Matt Haig erzählt in “Ziemlich gute Gründe, am Leben zu bleiben” auf sehr authentische Weise wie ihn die Depression quasi hinterrücks überfallen hat, dass er sie zunächst nicht einordnen konnte und wie sehr sie sein zukünftiges Leben bestimmt hat und auch heute noch bestimmt. Da ich selber mit dieser Thematik noch nicht direkt in Berührung kam, konnte ich mir Dank Haigs Schilderungen erstmal in etwa vorstellen, wie es den Betroffenen mit der Krankheit geht.
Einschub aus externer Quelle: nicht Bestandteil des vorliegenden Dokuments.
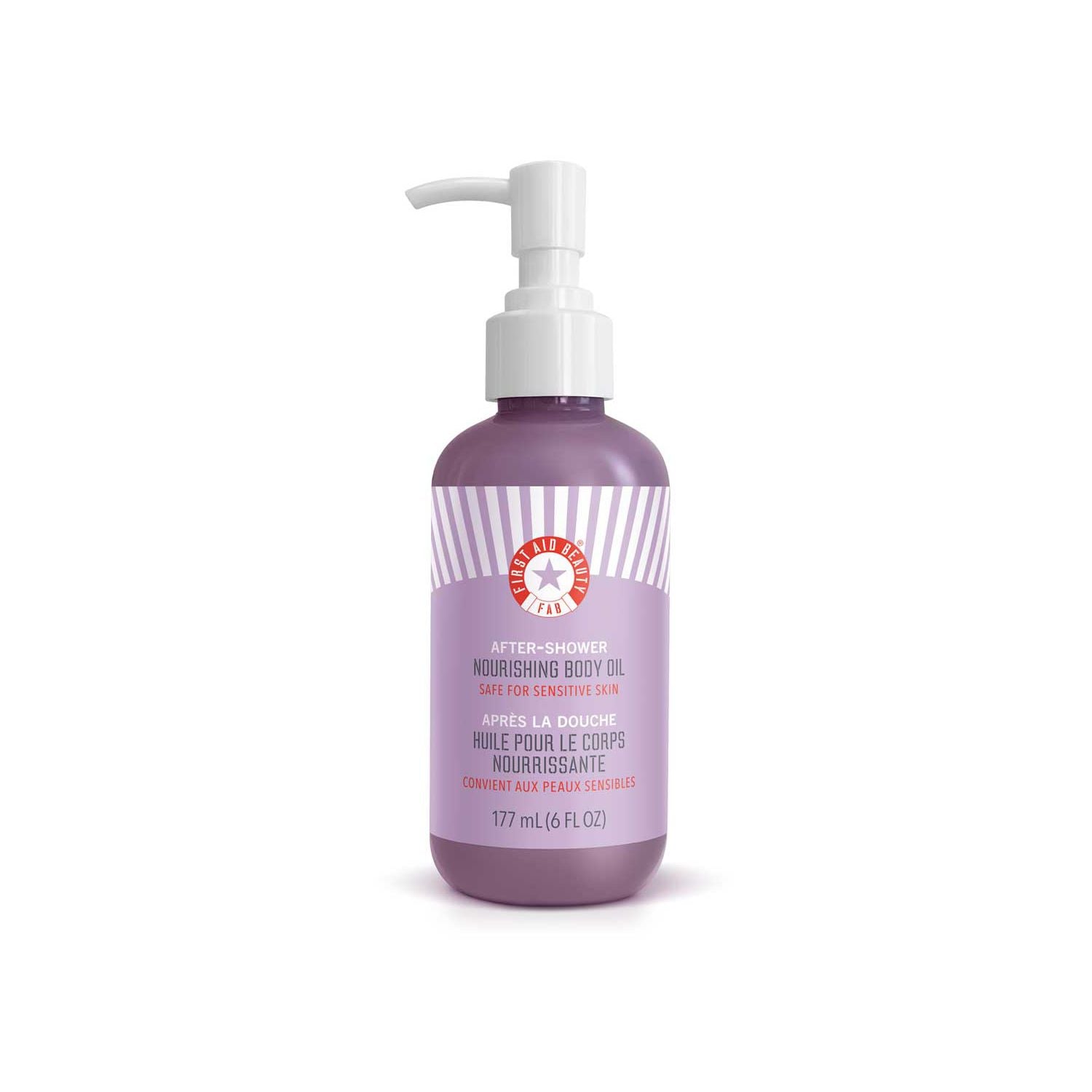 First Aid Beauty After-Shower Body Oil 177ml, imported from the UK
Ich denke, dass depressive Menschen sich vielleicht nicht in allem, aber doch in vielem was Haig widerfahren ist, wiedererkennen. Und was das Wichtigste ist: Matt Haig hat gelernt mit dieser Krankheit zu leben. Er hat erkannt, dass das Leben trotz aller Einschränkungen lebenswert ist und nennt in diesem Buch deshalb immer und immer wieder ziemlich gute Gründe, am Leben zu bleiben.

Die teilweisen drastischen Szenen, in denen er sich mit Selbstmordgedanken plagt, werden durch einen humorvollen Grundtenor und interessanten Aufzählungen und die Nennung von wissenschaftlichen Fakten aufgelockert. Matt Haig gelingt die Balance zwischen bedrückenden Fakten und aufmunterenden und humorvollen Passagen.

Aber es geht in diesem Buch nicht ausschließlich um Depressionen, wie sie sich bemerkbar macht und wie man sie aushält, wie man Mut schöpft am Leben zu bleiben, sondern auch um uns Menschen im Allgemeinen. Haig äußert viele kluge Gedanken über die Welt und den Einfluss der äußeren Umständen auf das persönliche Glück. Diese Passagen waren für mich wie kleine erhellende Schätze.

Das Einzige, was mich etwas gestört hat, waren die sehr kurzen Kapitel und die überwiegend kurzen Sätze. So kam bei mir kein richtiger Lesefluss auf. Aber vielleicht muss das bei einem Sachbuch auch gar nicht sein.

Mein Fazit:

 
“Ziemlich gute Gründe am Leben zu bleiben” ist nicht nur eine Hymne an das Leben, sondern vor allem ein Buch, das aufklärt. Es richtet sich nicht nur an Betroffene, die sich vermutlich in vielen Erfahrungen des Autors wiederfinden und hoffentlich auch Mut schöpfen, sondern hilft auch nicht unmittelbar Betroffenen diese Krankheit – die nach außen hin so unsichtbar ist – besser zu begreifen und feinfühliger mit Betroffenen umzugehen. Dies allein sind ziemlich gute Gründe, dieses Buch zu lesen.
 
 Vielen Dank an dtv für dieses Rezensionsexemplar.